* Directions for this task
Pictures are to be left out; every line from the one that holds "this 800×533 image." to the end of the data is to be retyped exactly.

* Supplied data
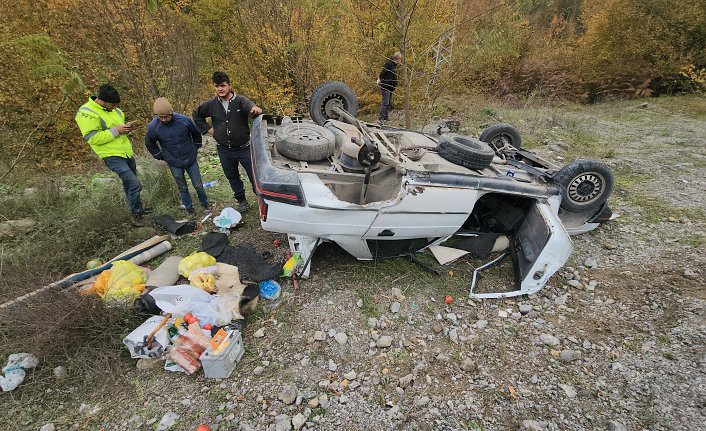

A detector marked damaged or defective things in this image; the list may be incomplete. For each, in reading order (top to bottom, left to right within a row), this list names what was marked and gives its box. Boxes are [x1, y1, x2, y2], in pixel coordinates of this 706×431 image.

overturned white car [250, 81, 612, 298]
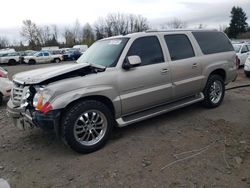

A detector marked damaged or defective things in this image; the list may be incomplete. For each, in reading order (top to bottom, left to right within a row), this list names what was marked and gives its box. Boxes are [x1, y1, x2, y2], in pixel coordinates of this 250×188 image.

crumpled hood [13, 62, 94, 84]
front-end damage [6, 64, 104, 136]
dented front quarter panel [45, 68, 122, 118]
damaged suv [6, 30, 237, 153]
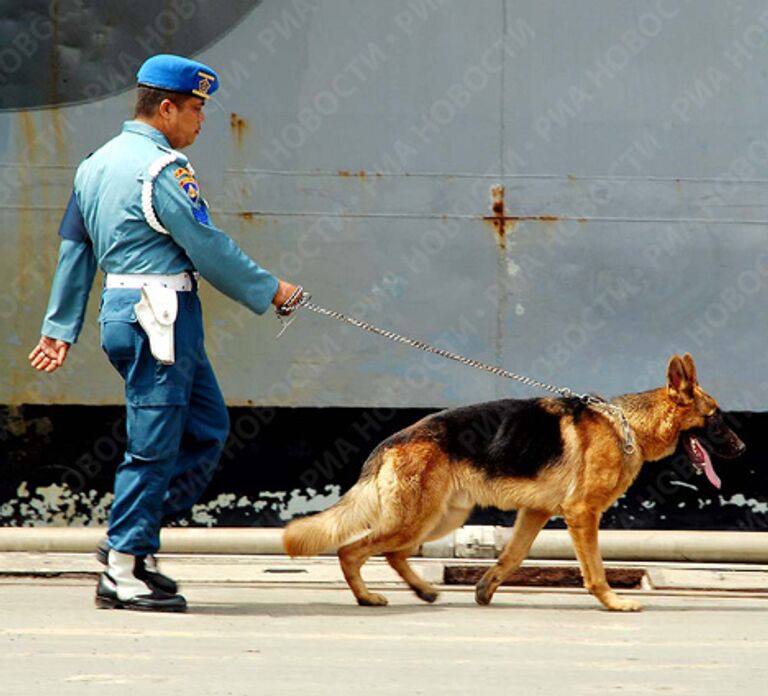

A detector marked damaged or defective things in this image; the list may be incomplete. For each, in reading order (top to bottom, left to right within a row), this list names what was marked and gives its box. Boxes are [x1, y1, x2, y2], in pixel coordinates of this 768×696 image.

rusty metal surface [1, 0, 768, 410]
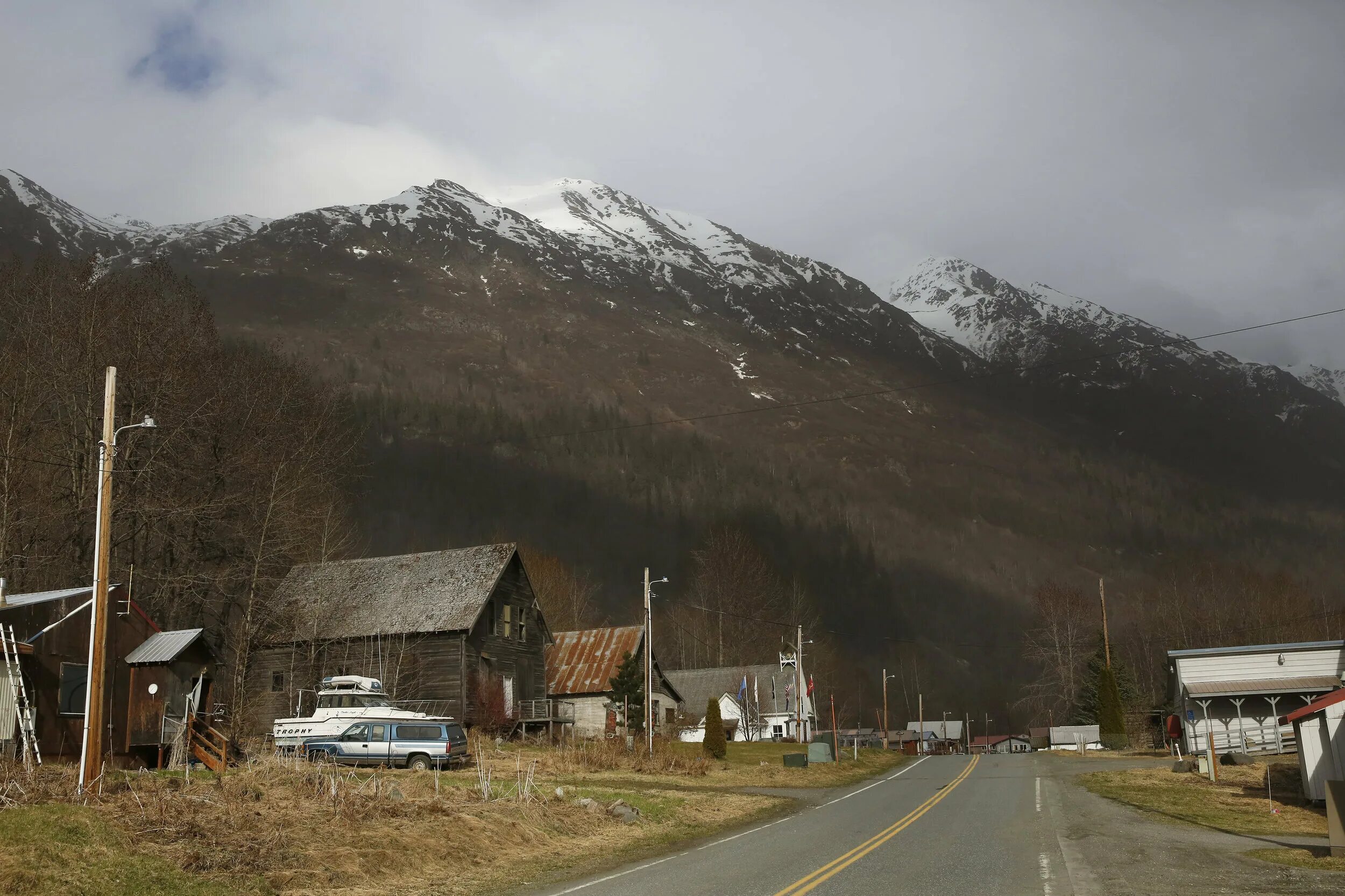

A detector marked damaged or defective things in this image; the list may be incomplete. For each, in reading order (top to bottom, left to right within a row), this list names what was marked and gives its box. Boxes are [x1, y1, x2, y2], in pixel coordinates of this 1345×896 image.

rusted metal roof [549, 624, 648, 694]
rusted metal roof [1184, 672, 1340, 694]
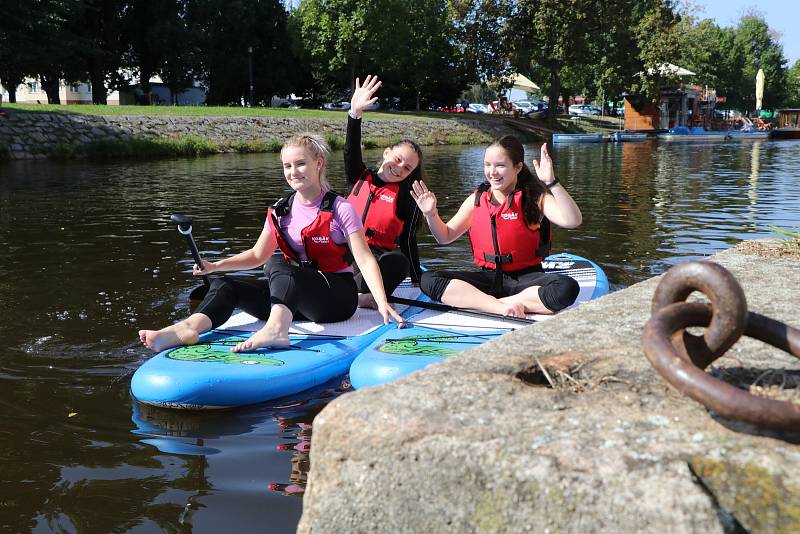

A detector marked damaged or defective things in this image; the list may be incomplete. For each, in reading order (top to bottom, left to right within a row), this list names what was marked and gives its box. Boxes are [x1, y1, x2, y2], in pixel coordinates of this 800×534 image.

rusty metal ring [652, 262, 748, 370]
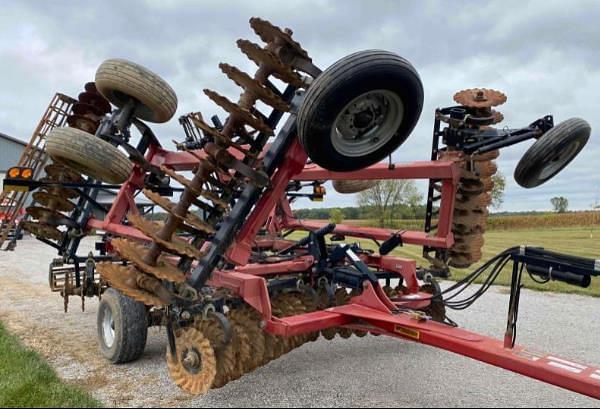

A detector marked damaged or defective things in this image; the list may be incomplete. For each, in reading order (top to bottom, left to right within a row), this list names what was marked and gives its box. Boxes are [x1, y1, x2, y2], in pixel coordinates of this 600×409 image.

rust-covered disk blade [454, 88, 506, 108]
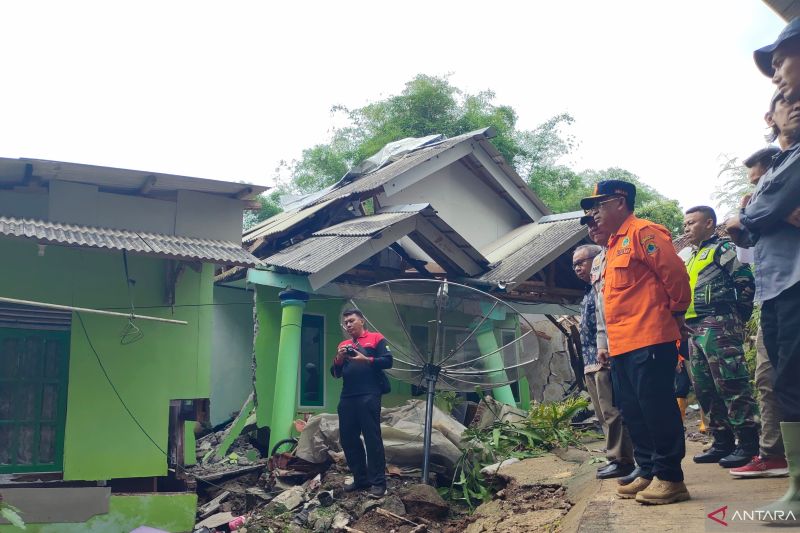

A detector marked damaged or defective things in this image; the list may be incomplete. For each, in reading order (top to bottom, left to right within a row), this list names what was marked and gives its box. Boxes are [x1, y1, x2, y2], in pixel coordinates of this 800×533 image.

damaged structure [0, 156, 264, 528]
damaged structure [216, 128, 592, 454]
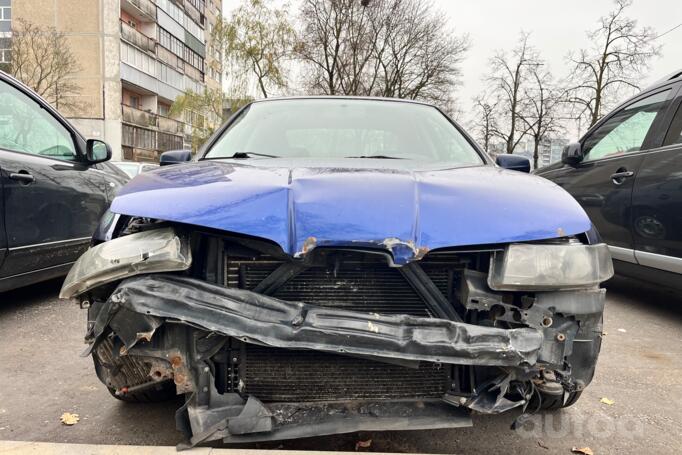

* Written solution
A detector marked damaged or defective things in this image; the list may be incomplete. For each, in reading order (top to bottom, left to right within a row), this list names what was marked and gives its box. Boxes are [x1, y1, x2, y2], in pixel coordinates of this 800×533 image.

damaged structure [0, 156, 264, 528]
damaged structure [216, 128, 592, 454]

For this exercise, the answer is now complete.